_What to work on_
An exact copy of all the data is needed, with every picture left out.

_Collected material_
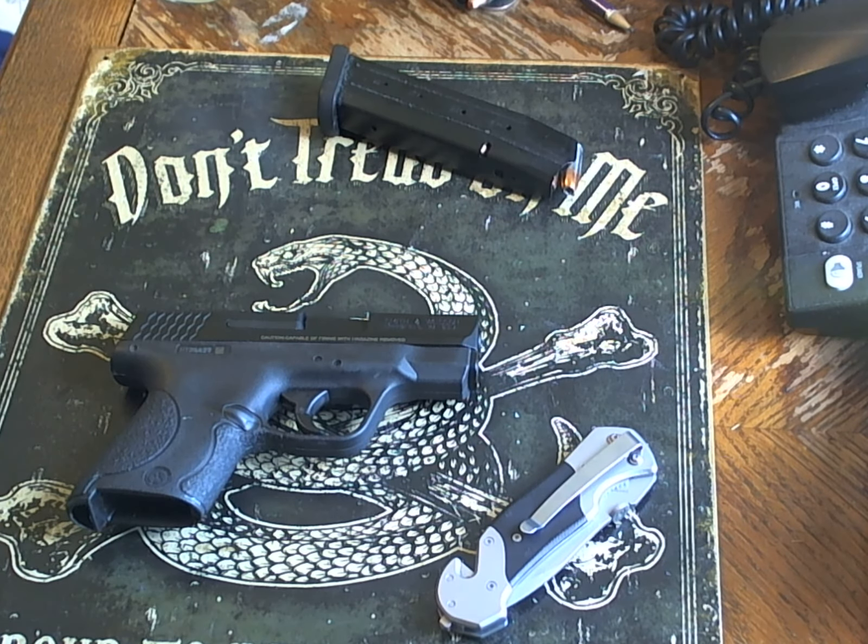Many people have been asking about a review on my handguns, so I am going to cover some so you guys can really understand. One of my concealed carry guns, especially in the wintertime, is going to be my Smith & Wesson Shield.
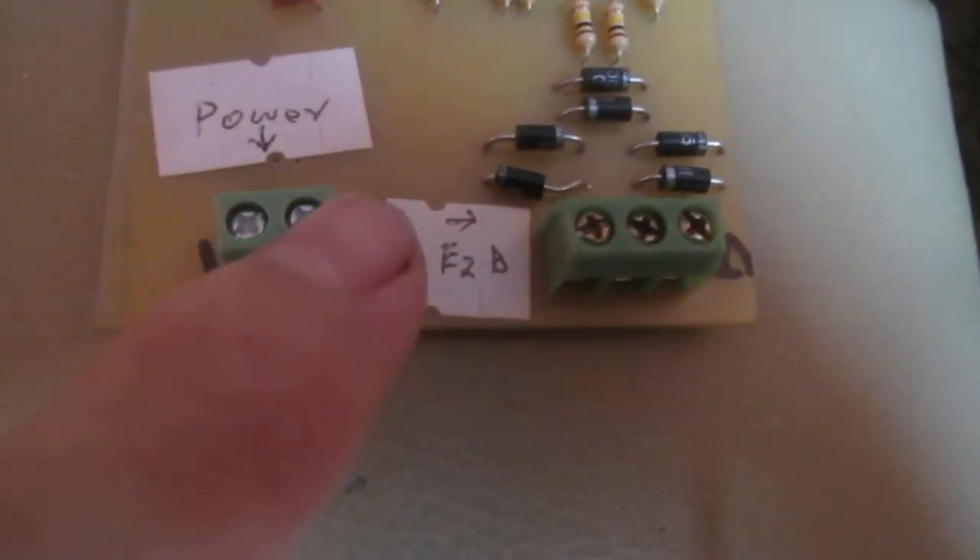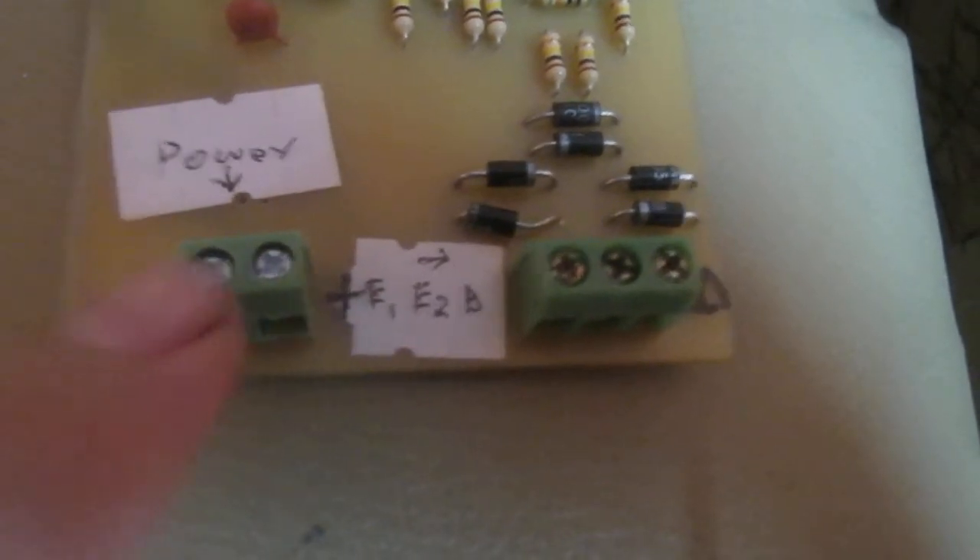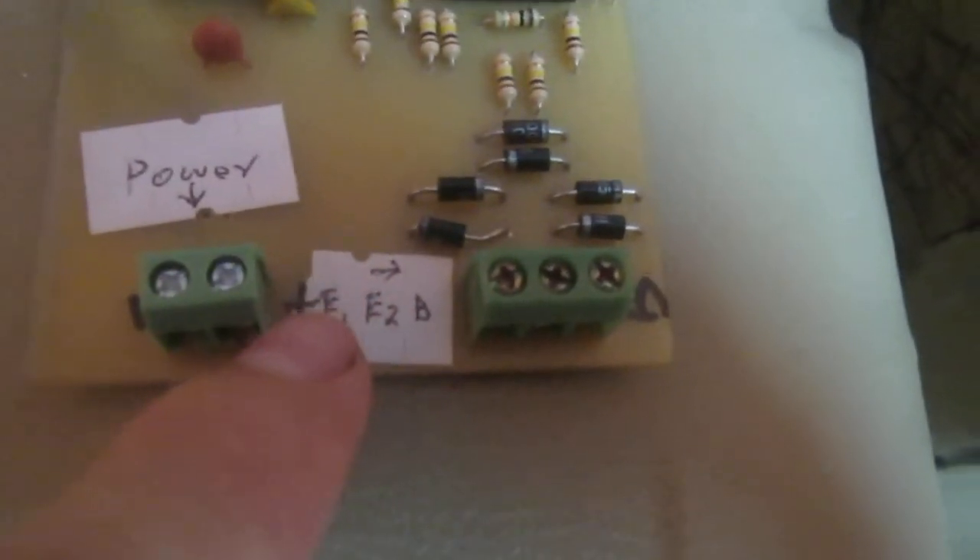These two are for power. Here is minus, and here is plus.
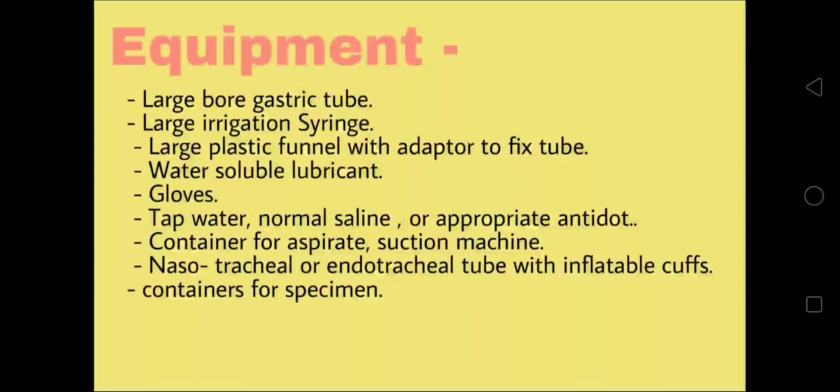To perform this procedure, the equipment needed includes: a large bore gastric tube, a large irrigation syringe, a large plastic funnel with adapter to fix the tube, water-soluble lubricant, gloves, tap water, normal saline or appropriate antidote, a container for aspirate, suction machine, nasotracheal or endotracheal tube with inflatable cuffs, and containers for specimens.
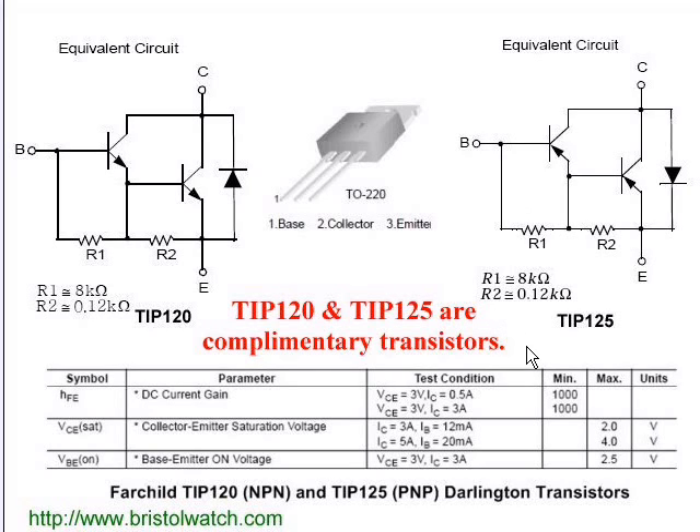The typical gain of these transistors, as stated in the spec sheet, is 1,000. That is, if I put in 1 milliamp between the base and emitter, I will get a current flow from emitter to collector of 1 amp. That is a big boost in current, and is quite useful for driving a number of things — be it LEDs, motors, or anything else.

_Solution to this problem_
Many people have been asking about a review on my handguns, so I am going to cover some so you guys can really understand. One of my concealed carry guns, especially in the wintertime, is going to be my Smith & Wesson Shield.
These two are for power. Here is minus, and here is plus.
To perform this procedure, the equipment needed includes: a large bore gastric tube, a large irrigation syringe, a large plastic funnel with adapter to fix the tube, water-soluble lubricant, gloves, tap water, normal saline or appropriate antidote, a container for aspirate, suction machine, nasotracheal or endotracheal tube with inflatable cuffs, and containers for specimens.
The typical gain of these transistors, as stated in the spec sheet, is 1,000. That is, if I put in 1 milliamp between the base and emitter, I will get a current flow from emitter to collector of 1 amp. That is a big boost in current, and is quite useful for driving a number of things — be it LEDs, motors, or anything else.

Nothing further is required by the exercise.